Para Friedman, as únicas funções do governo seriam “proteger nossa liberdade do assalto de inimigos externos e de outros cidadãos; preservar a lei e a ordem, para garantir que contratos privados sejam cumpridos; preservar a propriedade privada; e promover a competição nos mercados.”
Tudo em mãos públicas é socialismo, ideologia, para Friedman, blasfema. Dizia que os mercados funcionam melhor quando funcionam sem regras, regulações, impostos, barreiras protecionistas, “interesses entrincheirados”, interferência humana. De tal modo que o melhor governo seria, na prática, o nenhum governo.
Em outras palavras, o business faria melhor, tudo o que qualquer governo faça. Ideias sobre democracia, justiça social e sociedade cuidada ou protegida, dizia Friedman, seria tabu, porque interfeririam no capitalismo solto ladeira abaixo, na banguela.

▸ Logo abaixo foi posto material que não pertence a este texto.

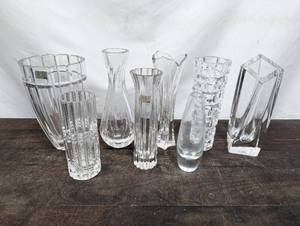 lot 121 image: Collection Of Clear Glassware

Disse que a saúde pública deveria ser posta em mãos privadas, a acumulação de lucros, ilimitada, abolidos todos os impostos cobrados de todas as empresas, e os serviços sociais reduzidos, ou completamente abolidos. Acreditava que “a liberdade econômica é um fim em si mesma e meio indispensável para que se chegue a liberdade política”.
Em relação à Líbia, nem a liberdade econômica nem a liberdade política são sequer pensáveis, a menos que a resistência popular impeça que prossiga o saque e retome, dos saqueadores ocidentais e seus aliados, o que já saquearam e venham a saquear. Sem resistência, nada restará aos líbios além da servidão.
Essa dura realidade tem de ser mudada, é preciso resistir, não importa o que custe ou quanto tempo dure a resistência. Temos de esperar que os líbios estejam à altura do sacrifício e da luta que se exige deles. Que se alimentem da fúria contra a planejada ocupação pela OTAN e o saque em andamento. Desistir é via que não poderão sequer considerar.
A resistência bem pode ser o coringa contra o qual Washington espera não ser obrigado a disputar. Em outro artigo, escrevi “Líbia: Manter viva a chama da liberdade” [5]. Em outro, “Nada acaba antes de terminar”. [6]
Lembremos os versos de John Lennon, “Imagine nada por que matar ou morrer. Viver a vida em paz. Esperar que um dia o mundo viva como um só mundo”. [7] É preciso tentar.
É preciso tempo para alcançar coisas importantes. O impossível demora um pouco mais.
O primeiro passo é detonar a visão de Friedman do que seria o melhor dos mundos, a OTAN, Washington ocupada pelas grandes corporações.
Conseguindo isso, teremos dado um primeiro passo para ajudar a libertar os líbios e, talvez, mais gente, em outros pontos do mundo, lutando pelo mundo em que todos merecem viver. Não é difícil. Está aí fora, à espera de que nos decidamos a ir buscá-lo.
Notas dos tradutores
[6] “It Ain't Over Till It's Over”; é título de uma canção de Leni Kravitz (vídeo e letra). O artigo (24/8/2011) está em Libya War: It Ain’t Over Till It’s Over (em inglês).